(Collected data)
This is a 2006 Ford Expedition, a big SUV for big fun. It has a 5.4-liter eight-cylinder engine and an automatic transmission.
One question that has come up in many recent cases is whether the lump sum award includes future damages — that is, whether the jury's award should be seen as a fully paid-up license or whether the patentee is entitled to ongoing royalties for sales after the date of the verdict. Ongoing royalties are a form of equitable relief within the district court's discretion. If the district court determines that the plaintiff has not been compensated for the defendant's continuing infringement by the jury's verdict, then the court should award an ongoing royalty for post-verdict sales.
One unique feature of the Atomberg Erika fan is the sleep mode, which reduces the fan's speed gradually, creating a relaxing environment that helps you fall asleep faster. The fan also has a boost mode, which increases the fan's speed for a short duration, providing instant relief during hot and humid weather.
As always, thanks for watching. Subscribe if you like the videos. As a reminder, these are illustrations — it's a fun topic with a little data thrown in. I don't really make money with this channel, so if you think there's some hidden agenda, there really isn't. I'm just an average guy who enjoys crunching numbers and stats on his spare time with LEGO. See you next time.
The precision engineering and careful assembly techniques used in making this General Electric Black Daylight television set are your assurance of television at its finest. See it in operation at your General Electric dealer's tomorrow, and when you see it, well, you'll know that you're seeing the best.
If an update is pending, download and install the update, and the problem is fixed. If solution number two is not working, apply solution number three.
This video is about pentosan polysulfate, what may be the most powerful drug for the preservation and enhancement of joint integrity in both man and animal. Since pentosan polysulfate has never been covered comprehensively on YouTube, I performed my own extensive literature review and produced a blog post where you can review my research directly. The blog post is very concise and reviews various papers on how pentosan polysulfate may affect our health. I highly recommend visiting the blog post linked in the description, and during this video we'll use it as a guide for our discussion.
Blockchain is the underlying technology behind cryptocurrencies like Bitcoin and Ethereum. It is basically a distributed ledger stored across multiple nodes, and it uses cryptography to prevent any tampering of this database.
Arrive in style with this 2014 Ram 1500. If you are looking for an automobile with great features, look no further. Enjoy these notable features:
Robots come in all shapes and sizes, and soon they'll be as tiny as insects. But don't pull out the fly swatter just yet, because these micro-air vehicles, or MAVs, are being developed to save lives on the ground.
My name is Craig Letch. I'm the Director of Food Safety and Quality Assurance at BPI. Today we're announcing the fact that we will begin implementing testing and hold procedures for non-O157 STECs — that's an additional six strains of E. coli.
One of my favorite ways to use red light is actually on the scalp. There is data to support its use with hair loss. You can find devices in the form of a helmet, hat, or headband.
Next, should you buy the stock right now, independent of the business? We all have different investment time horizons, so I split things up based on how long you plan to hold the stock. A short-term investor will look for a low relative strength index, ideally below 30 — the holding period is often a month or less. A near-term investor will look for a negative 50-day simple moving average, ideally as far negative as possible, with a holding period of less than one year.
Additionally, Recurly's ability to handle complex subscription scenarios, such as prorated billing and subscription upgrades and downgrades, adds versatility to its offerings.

Exercise: The reply must present every entry, transcribed with its exact wording.

Solution below:
This is a 2006 Ford Expedition, a big SUV for big fun. It has a 5.4-liter eight-cylinder engine and an automatic transmission.
One question that has come up in many recent cases is whether the lump sum award includes future damages — that is, whether the jury's award should be seen as a fully paid-up license or whether the patentee is entitled to ongoing royalties for sales after the date of the verdict. Ongoing royalties are a form of equitable relief within the district court's discretion. If the district court determines that the plaintiff has not been compensated for the defendant's continuing infringement by the jury's verdict, then the court should award an ongoing royalty for post-verdict sales.
One unique feature of the Atomberg Erika fan is the sleep mode, which reduces the fan's speed gradually, creating a relaxing environment that helps you fall asleep faster. The fan also has a boost mode, which increases the fan's speed for a short duration, providing instant relief during hot and humid weather.
As always, thanks for watching. Subscribe if you like the videos. As a reminder, these are illustrations — it's a fun topic with a little data thrown in. I don't really make money with this channel, so if you think there's some hidden agenda, there really isn't. I'm just an average guy who enjoys crunching numbers and stats on his spare time with LEGO. See you next time.
The precision engineering and careful assembly techniques used in making this General Electric Black Daylight television set are your assurance of television at its finest. See it in operation at your General Electric dealer's tomorrow, and when you see it, well, you'll know that you're seeing the best.
If an update is pending, download and install the update, and the problem is fixed. If solution number two is not working, apply solution number three.
This video is about pentosan polysulfate, what may be the most powerful drug for the preservation and enhancement of joint integrity in both man and animal. Since pentosan polysulfate has never been covered comprehensively on YouTube, I performed my own extensive literature review and produced a blog post where you can review my research directly. The blog post is very concise and reviews various papers on how pentosan polysulfate may affect our health. I highly recommend visiting the blog post linked in the description, and during this video we'll use it as a guide for our discussion.
Blockchain is the underlying technology behind cryptocurrencies like Bitcoin and Ethereum. It is basically a distributed ledger stored across multiple nodes, and it uses cryptography to prevent any tampering of this database.
Arrive in style with this 2014 Ram 1500. If you are looking for an automobile with great features, look no further. Enjoy these notable features:
Robots come in all shapes and sizes, and soon they'll be as tiny as insects. But don't pull out the fly swatter just yet, because these micro-air vehicles, or MAVs, are being developed to save lives on the ground.
My name is Craig Letch. I'm the Director of Food Safety and Quality Assurance at BPI. Today we're announcing the fact that we will begin implementing testing and hold procedures for non-O157 STECs — that's an additional six strains of E. coli.
One of my favorite ways to use red light is actually on the scalp. There is data to support its use with hair loss. You can find devices in the form of a helmet, hat, or headband.
Next, should you buy the stock right now, independent of the business? We all have different investment time horizons, so I split things up based on how long you plan to hold the stock. A short-term investor will look for a low relative strength index, ideally below 30 — the holding period is often a month or less. A near-term investor will look for a negative 50-day simple moving average, ideally as far negative as possible, with a holding period of less than one year.
Additionally, Recurly's ability to handle complex subscription scenarios, such as prorated billing and subscription upgrades and downgrades, adds versatility to its offerings.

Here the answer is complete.